> **Exercise instructions**:
All lines of the material below that include the string "HAIR" are to be copied.

> **Task input**:
[Start of section]

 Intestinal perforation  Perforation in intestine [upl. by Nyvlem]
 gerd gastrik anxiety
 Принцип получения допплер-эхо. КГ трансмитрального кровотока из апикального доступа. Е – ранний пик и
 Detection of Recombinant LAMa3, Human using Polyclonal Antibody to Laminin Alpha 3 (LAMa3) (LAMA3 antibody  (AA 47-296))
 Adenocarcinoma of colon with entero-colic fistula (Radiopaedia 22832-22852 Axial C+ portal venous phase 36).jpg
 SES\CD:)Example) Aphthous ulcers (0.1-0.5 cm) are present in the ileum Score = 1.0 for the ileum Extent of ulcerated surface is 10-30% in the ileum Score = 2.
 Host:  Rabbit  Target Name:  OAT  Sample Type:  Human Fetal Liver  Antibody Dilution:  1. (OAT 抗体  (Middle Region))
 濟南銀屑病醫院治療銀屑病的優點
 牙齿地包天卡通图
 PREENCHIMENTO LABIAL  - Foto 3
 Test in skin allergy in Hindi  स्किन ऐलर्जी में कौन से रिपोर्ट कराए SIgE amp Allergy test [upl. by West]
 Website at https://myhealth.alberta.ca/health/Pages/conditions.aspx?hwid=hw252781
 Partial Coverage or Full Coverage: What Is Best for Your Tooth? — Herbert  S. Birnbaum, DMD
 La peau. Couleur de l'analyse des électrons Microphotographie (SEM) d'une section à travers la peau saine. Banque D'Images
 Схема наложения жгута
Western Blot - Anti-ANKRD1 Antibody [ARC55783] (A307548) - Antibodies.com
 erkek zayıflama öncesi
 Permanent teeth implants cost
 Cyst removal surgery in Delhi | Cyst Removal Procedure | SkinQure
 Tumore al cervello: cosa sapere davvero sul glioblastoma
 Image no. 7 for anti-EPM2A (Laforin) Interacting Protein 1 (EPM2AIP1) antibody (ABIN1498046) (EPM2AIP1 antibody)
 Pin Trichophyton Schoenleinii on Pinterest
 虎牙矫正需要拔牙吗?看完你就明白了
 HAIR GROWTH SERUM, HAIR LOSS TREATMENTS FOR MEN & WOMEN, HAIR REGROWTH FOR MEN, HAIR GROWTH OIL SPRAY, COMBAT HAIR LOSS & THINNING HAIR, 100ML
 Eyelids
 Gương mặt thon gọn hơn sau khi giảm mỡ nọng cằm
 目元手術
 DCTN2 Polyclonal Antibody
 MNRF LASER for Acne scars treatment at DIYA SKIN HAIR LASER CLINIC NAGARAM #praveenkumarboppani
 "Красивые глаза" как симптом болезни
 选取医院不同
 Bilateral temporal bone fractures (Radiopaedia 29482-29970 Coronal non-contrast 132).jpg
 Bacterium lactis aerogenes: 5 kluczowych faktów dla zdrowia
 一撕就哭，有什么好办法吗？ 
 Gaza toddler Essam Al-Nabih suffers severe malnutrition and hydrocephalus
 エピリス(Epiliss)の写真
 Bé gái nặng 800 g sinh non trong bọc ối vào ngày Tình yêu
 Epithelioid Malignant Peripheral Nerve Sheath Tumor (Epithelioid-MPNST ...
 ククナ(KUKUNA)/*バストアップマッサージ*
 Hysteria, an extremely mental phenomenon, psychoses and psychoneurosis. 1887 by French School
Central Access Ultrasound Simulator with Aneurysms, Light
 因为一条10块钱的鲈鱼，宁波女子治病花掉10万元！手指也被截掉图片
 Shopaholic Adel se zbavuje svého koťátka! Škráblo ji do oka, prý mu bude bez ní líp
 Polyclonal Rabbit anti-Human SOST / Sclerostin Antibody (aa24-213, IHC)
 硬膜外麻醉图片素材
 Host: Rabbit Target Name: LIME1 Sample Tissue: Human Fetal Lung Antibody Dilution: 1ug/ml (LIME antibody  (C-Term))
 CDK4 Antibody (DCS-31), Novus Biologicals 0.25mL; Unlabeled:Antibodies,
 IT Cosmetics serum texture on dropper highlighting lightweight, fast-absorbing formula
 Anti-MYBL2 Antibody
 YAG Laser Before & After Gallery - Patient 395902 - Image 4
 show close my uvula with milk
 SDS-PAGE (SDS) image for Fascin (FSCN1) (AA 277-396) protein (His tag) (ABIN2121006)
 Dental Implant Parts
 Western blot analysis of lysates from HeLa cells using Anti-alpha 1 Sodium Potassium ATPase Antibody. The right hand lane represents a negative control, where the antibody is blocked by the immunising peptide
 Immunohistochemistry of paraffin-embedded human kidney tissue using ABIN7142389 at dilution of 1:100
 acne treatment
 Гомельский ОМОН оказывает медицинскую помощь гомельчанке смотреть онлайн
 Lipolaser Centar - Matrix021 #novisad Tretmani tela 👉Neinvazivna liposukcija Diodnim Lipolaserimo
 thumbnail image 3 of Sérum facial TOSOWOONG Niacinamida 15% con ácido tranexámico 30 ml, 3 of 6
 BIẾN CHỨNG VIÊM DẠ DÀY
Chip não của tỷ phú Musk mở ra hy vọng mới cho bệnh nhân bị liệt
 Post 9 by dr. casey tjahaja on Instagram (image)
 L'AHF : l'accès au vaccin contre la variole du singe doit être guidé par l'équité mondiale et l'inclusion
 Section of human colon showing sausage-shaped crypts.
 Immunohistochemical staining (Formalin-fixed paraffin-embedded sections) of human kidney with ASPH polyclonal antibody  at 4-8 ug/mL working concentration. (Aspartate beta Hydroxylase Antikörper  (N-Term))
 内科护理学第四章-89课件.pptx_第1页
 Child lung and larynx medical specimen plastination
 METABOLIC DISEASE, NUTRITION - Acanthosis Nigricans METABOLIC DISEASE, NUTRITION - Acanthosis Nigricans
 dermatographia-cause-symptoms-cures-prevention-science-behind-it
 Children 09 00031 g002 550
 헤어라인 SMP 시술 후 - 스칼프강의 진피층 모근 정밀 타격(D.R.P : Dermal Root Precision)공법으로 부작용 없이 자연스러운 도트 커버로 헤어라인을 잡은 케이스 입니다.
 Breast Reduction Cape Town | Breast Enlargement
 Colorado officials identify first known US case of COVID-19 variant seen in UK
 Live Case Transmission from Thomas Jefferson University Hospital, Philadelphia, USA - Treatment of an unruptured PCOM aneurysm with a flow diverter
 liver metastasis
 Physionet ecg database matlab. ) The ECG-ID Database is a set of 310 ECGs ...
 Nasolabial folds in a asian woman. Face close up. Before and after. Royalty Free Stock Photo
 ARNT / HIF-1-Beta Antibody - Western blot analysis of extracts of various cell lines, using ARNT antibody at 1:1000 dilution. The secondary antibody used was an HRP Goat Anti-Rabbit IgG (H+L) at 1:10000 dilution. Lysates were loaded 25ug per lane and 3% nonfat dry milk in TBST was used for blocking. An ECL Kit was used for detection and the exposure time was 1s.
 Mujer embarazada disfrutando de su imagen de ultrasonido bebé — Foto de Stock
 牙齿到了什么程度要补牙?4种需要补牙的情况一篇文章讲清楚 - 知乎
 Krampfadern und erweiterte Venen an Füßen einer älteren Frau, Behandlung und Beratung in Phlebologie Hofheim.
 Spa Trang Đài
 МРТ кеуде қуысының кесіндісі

[End of section]

> **Worked solution**:
 HAIR GROWTH SERUM, HAIR LOSS TREATMENTS FOR MEN & WOMEN, HAIR REGROWTH FOR MEN, HAIR GROWTH OIL SPRAY, COMBAT HAIR LOSS & THINNING HAIR, 100ML
 MNRF LASER for Acne scars treatment at DIYA SKIN HAIR LASER CLINIC NAGARAM #praveenkumarboppani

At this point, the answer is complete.